**WHAT IS NEEDED**
Return all of the material exactly; no line may be dropped.

**DATA PROVIDED**

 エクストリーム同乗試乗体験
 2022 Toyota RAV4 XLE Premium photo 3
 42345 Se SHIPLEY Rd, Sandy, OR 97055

**ANSWER TO THE EXERCISE**
 エクストリーム同乗試乗体験
 2022 Toyota RAV4 XLE Premium photo 3
 42345 Se SHIPLEY Rd, Sandy, OR 97055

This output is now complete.